Cutty - Clifton Powell
Betancourt - Clifton Gonzalez Gonzalez
Cowboy - Terrence Howard
Ramsuer - Jean Claude La Marre
Cleon - Bokeem Woodbine

In all respects an extremely ambitious follow-up to their crackling debut, “Menace II Society,” the Hughes Brothers’ mordant “Dead Presidents” may eventually box itself into a narrative dead end, but its muscular engagement of weighty themes and explosive situations makes it a powerful drama. A potent social panorama from a black perspective spanning the convulsive transitional years of 1968-74, this thoughtful, often grisly and depressing pic could almost serve as a gritty, sobering riposte to the merry political obliviousness of “Forrest Gump,” which traversed some of the same territory from a distinctly different perspective.

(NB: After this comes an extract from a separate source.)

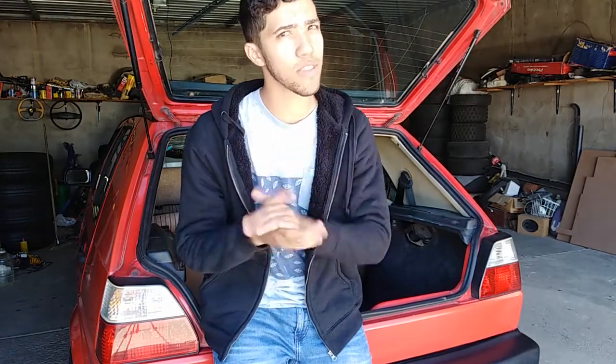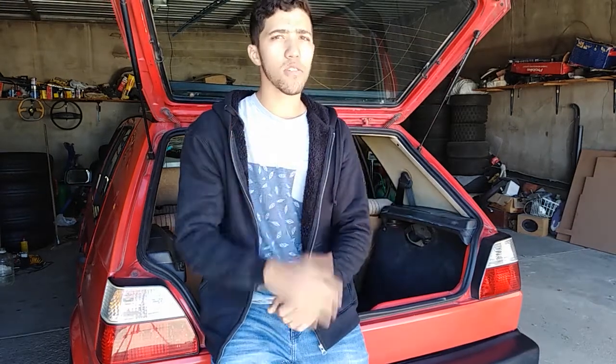Welcome back to the channel guys. Today we have an aesthetic mod for the Mk2 - it's quite the classic mod. It's something I haven't seen a lot, especially now, so I think you guys are going to enjoy this. I'm a little bit on the fence about it, but maybe you're looking at getting the same thing for your car and you're curious about it. I have a good example right behind me and we're going to fit it and see how it looks.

Story’s downward spiral and despairing blacks-as-victims framework may prove a turnoff for some younger ethnic viewers, but meaty reviews and film’s undeniable quality should draw a good mix of serious audiences from across the racial spectrum. Pic bowed at the New York Film Festival Sept. 30.

Surprising in the amount of territory it covers and concerns it addresses, this large-canvas, highly episodic saga spews out so many ideas that it arguably bites off more than it can chew. Building momentum as it sends its young protagonist through an ever-growing number of unexpected and harrowing experiences, the film ends up having to simplify or toss away many of the issues it presents, and finally lets itself down by cramming its outstandingly diverse characters and notions into a rigid genre format in the final half-hour. Aftergenerating so much electricity and promise through most of the running time , feeling at fade-out is, unfortunately, one of unsettled disappointment and smothering hopelessness.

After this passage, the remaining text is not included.